- Items from a dataset:
──────────

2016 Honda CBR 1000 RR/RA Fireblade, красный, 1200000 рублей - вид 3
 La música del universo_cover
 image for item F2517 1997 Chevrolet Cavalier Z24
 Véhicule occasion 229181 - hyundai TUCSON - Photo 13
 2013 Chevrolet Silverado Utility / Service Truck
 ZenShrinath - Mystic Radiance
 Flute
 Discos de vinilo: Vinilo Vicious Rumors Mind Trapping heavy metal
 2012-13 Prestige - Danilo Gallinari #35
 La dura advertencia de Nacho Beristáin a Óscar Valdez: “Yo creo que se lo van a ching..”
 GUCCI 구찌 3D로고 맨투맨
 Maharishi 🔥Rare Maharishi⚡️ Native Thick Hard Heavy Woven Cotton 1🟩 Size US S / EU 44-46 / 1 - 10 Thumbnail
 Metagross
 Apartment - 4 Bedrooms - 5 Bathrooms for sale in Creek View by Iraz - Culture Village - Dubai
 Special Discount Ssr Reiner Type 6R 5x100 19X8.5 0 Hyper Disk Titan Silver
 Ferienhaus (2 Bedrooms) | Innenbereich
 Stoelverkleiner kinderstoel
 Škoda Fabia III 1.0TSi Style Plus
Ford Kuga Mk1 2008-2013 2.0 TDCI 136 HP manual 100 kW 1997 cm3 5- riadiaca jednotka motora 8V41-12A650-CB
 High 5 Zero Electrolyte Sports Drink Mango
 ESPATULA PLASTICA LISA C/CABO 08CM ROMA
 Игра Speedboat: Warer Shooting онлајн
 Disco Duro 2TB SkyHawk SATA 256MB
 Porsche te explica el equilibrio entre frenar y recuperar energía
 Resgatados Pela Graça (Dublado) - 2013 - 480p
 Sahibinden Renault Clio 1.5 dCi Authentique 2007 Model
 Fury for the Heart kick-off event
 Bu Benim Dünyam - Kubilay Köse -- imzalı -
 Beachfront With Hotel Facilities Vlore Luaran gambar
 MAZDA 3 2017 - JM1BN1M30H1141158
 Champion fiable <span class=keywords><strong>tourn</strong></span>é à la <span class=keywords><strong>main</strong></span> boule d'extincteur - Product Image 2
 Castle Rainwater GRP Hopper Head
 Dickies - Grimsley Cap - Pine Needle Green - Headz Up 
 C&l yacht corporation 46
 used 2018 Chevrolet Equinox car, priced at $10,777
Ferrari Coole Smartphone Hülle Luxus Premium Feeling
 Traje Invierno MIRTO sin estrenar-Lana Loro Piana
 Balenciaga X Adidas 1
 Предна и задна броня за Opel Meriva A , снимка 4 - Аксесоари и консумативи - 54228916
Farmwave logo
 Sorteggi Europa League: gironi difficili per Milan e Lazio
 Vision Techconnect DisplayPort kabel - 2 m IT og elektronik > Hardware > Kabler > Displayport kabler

──────────

- PROBLEM TO SOLVE:
Collect every line from the records above that contains the word "Chevrolet".

- ANSWER BOX:
 image for item F2517 1997 Chevrolet Cavalier Z24
 2013 Chevrolet Silverado Utility / Service Truck
 used 2018 Chevrolet Equinox car, priced at $10,777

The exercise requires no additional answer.